Paul Cook would have wanted to sign off his short Stanley managerial career in style on Tuesday but a former trialist returned to haunt the Reds.
Jason Walker – twice on trial with the Reds during John Coleman’s era and never earning a Stanley contract – popped up seven minutes from time to inflict a fourth successive league defeat on Stanley.
But it did prove a mere sideshow as news had already filtered through of Chesterfield’s interest in the Stanley boss – and it had gathered pace as Tuesday went on.
Cook didn’t come out to do the post-match press conference and so no questions could be asked about the rumours which were quickly becoming fact, but he will be disappointed that the side he wanted to be challenging up near the top of League Two, despite the low budget, were instead closer to the bottom when he left the Crown Ground after eight months in charge.
Assistant Leam Richardson did come out after the York game praising his players’ ‘energy, desire and commitment’ but bemoaned a lack of the rub of the green, and in fairness, this was a massive improvement on Saturday’s 5-0 drubbing at Oxford, despite the late defeat.
But still it wouldn’t be the way Cook would want to bow out as he came to the Reds in February promising entertaining football, expecting good open games and plenty of goals at both ends – but it hadn’t quite worked out that way in the last month or so with more goals hitting the back of the Reds’ net than their opponents goal.
Perhaps the most entertaining game of Cook’s reign was ironically the Chesterfield 4-3 defeat – those in the upper echelons of the Spireites obviously liked what they saw as they have come-a-calling for the Reds boss.

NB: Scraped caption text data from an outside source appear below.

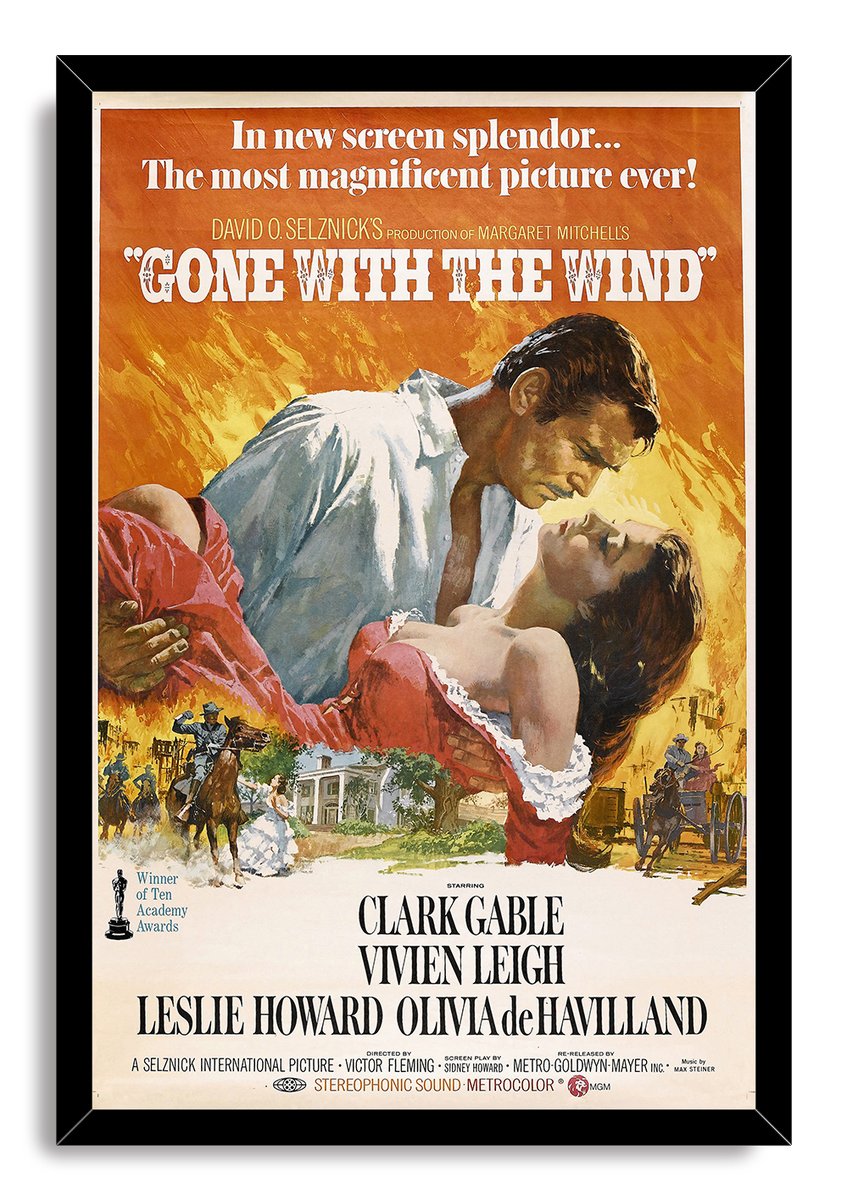 Gone with the Wind framed wall art print in a black frame, featuring the romantic couple over an orange battle and plantation scene.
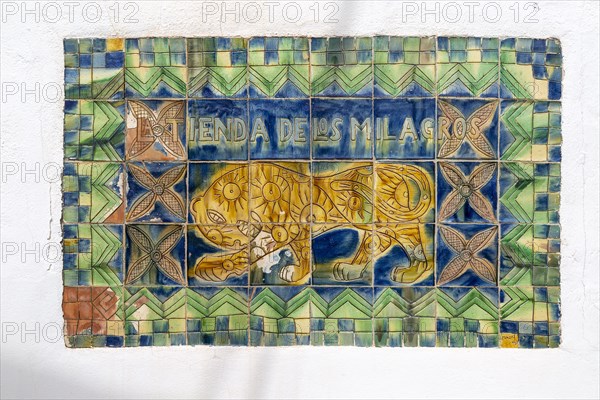 Tiles forming sign for ceramic and textile shop, La Tienda de los MIlagros, Nijar, Almeria, Spain,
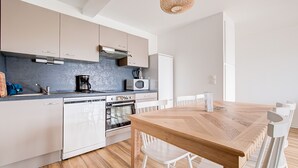 A modern kitchen with white cabinetry, a wooden dining table, and white chairs.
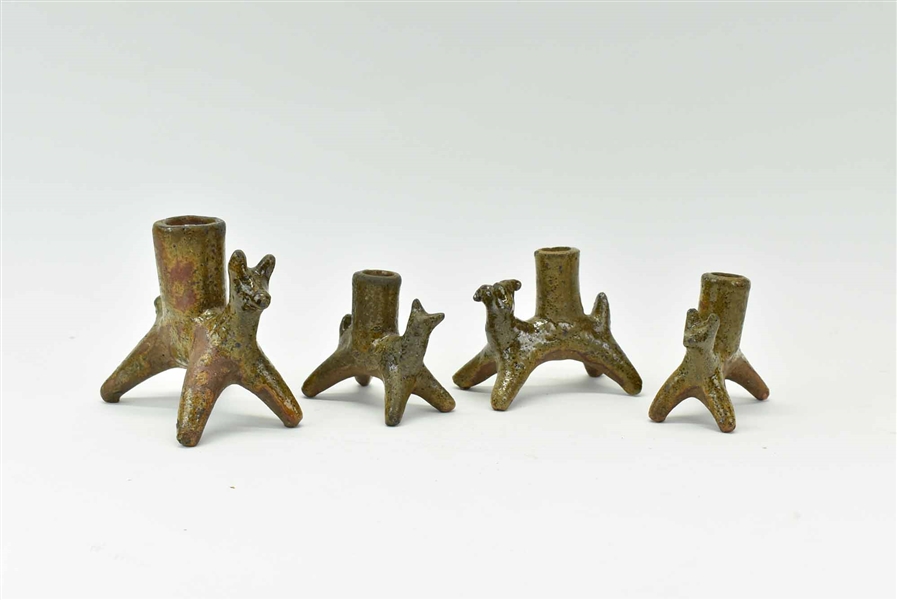 Four Figural Pottery Candle Holders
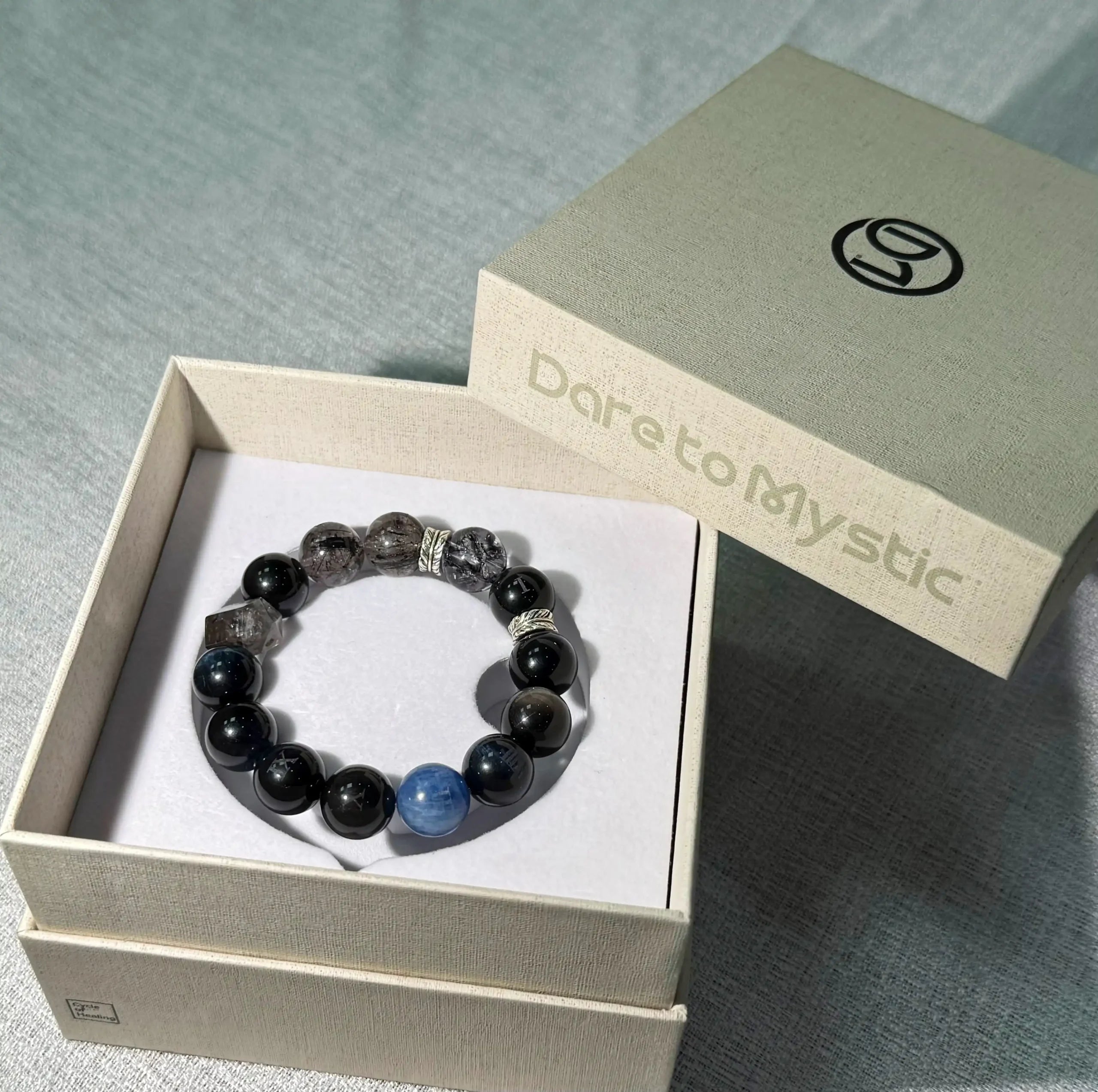 Obsidian crystal bracelet with Obsidian, Smoky Quartz, and Blue Tiger Eye beads – Midnight Guard design for strength and protection.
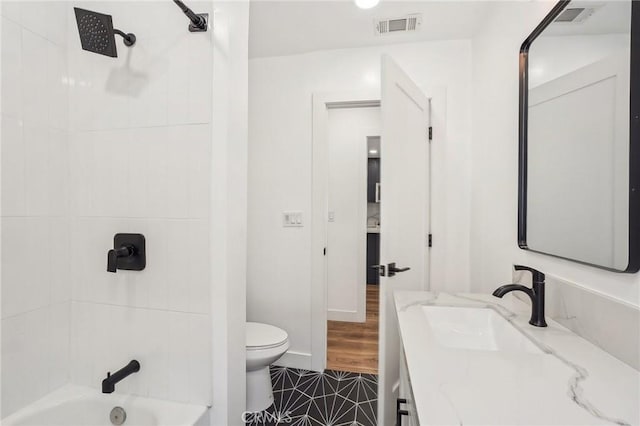 3427 S Victoria Ave, Los Angeles, CA 90016 - bathroom with bathtub / shower combination, vanity, toilet, tile patterned floors, and visible vents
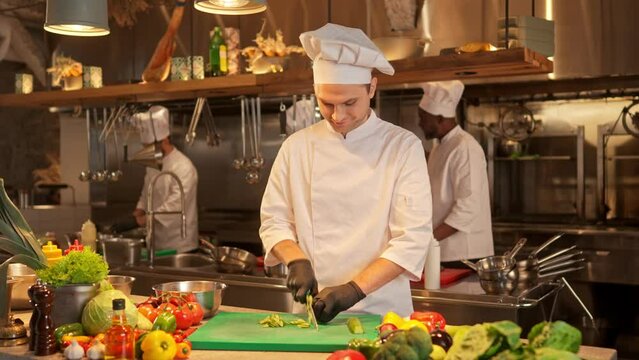 Portrait of cook in uniform shredding green fresh cucumber for prepearing salad or stew with sharp kitchen knife. Chef cooking delicious food at professional restaurant kitchen.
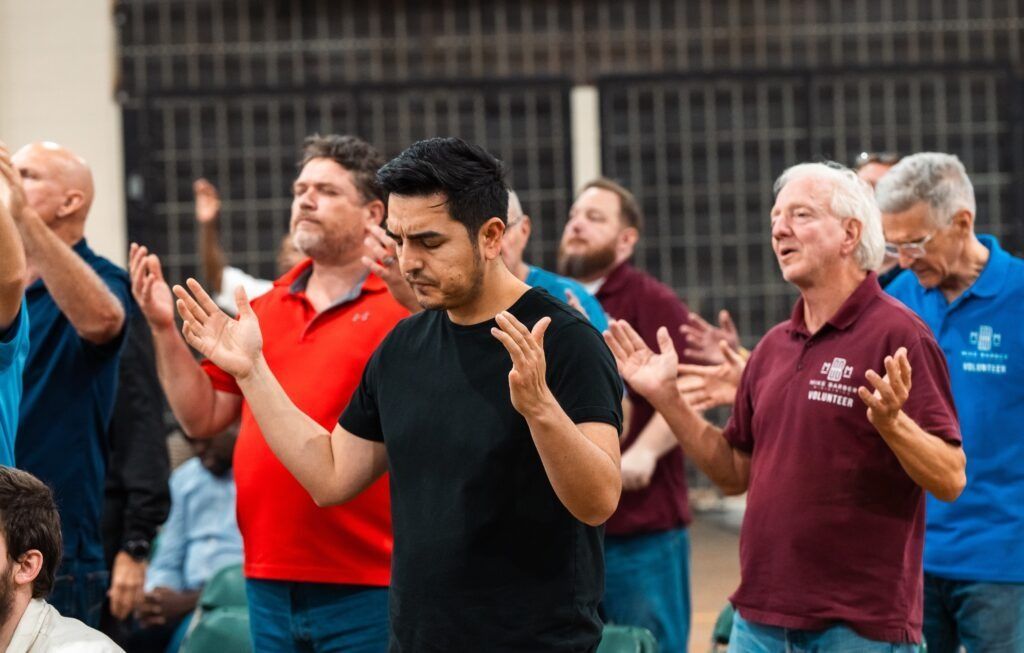 People standing indoors with hands raised in a group activity or prayer session
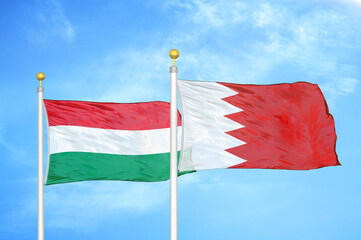 Hungary and Bahrain  two flags on flagpoles and blue cloudy sky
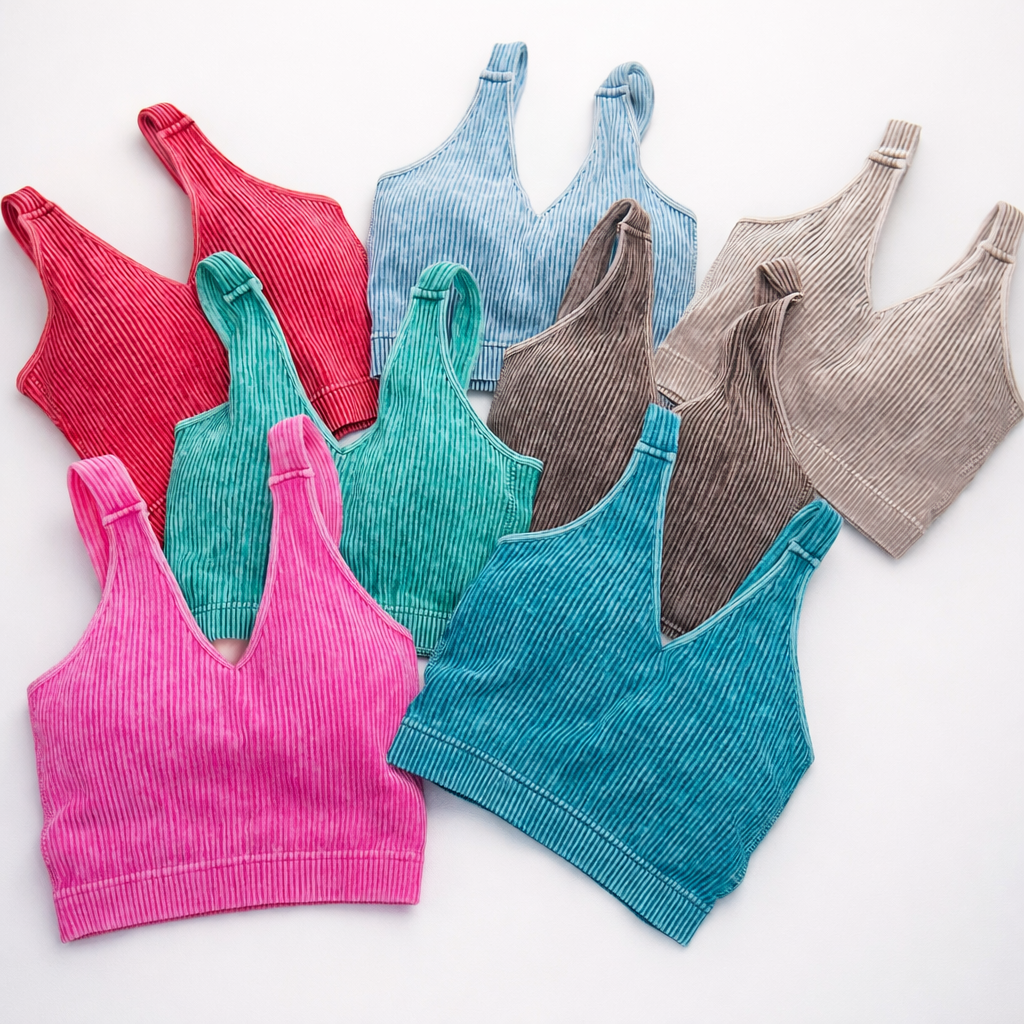 Ribbed seamless V-neck sports bras in multiple colors including pink, red, teal, blue, brown, and beige displayed on a white background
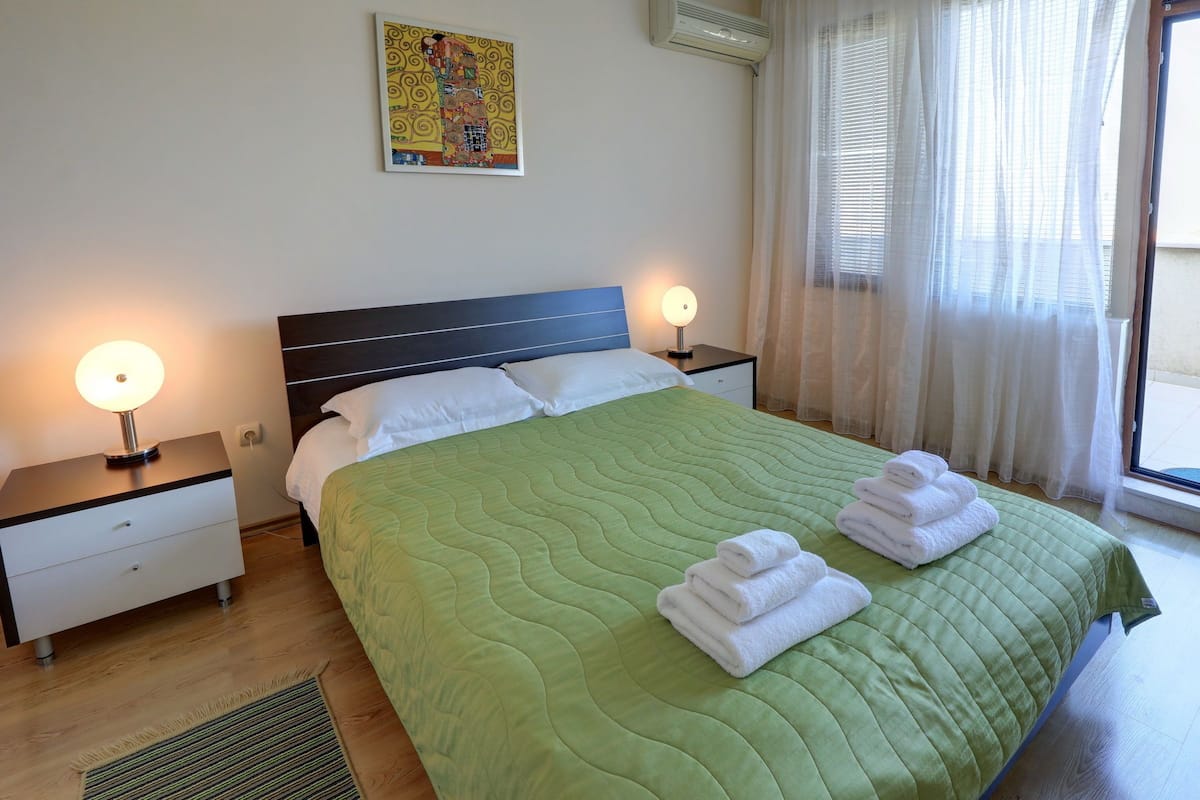 Deluxe Apartment, 2 Bedrooms, Balcony, Partial Sea View | Desk, iron/ironing board, cribs (free), rollaway beds (surcharge)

There, Stanley were unlucky to lose – a disputed handball left them cursing their luck – but it was what Cook wanted to bring to the Crown Ground every week.
When he took over following John Coleman’s departure to Rochdale, Stanley were in the play-off places but had just lost the likes of Andy Procter to Preston and defender Kevin Long back to Burnley, with Sean Hessey and Dean Winnard out injured for the rest of the campaign.
Still, he was the perfect man for the job – he had played at the club, knew all about it, was willing to work within the limits and had the passion and enthusiasm required of a Stanley boss who knows his team are punching above their weight at times in League Two – but wanted to prove everyone else wrong.
As it happened, the Reds won three of those final 18 games of the 2011/12 season but the transfer window had closed, loans proved tricky and everyone knew it was more a sounding-out period for Cook to launch an assault with a full season to look forward to in 2012/13.
The Reds finished 14th and now it was all about Cook proving himself with his own team.
And he began putting together a young side – Luke Joyce was the oldest outfield player at 25 – with players released from clubs hungry to prove their worth and show they can make it in the Football League.
He also pulled off a coup getting fans’ favourite Rommy Boco back from Sligo and signing striker Padraig Amond permanently while the likes of George Miller, Will Hatfield and Toto Nsiala teamed up with regulars such as Ian Dunbavin, Joyce and Winnard and it proved an early recipe for success.
Three wins in their first four league games – with victories over highly-rated teams like Southend, Port Vale and Cheltenham – certainly got the belief around the team that this was going to be a successful season, even emulating the play-off campaign of a couple of years before.
Cook was getting the Reds playing how he wanted but knew his side weren’t the finished article and was restricted in the loan market with his £10,000 a week wage budget, which he insisted he still wasn’t hitting, showing his ability to wheel and deal.
Wins over Aldershot and Wimbledon took Stanley up to fourth in the table and suddenly officials at clubs like Chesterfield were looking at Cook and his ability to entertain on a shoe-string budget and his stature as a manager was rising.
Cook had already proved himself at Sligo – taking them from near the bottom of the Irish League into challenging for the league title and the Champions League in five years, but the 45-year-old’s early-season promise was now getting him attention in the Football League.
Cook could be forgiven for defeat in the Rochdale game – Coleman’s first return to the Crown Ground – as sentimentality and a wonder goal won the day for the former boss.
However, big losses and poor shows at Torquay and Oxford did mean that Cook was going to have to call on all his fledgling League Two management skills to get the Reds out of the blip they are in.
Sadly, following York, it looks like the fans will never know if Cook would have had the credentials to turn the Reds back into promotion challengers.
For Saturday, it seems Leam Richardson will step into his shoes and he will be hoping the players maintain that desire and commitment and some ‘rub of the green’ means he, or whoever is in charge, can steer Stanley towards the promised land of League One.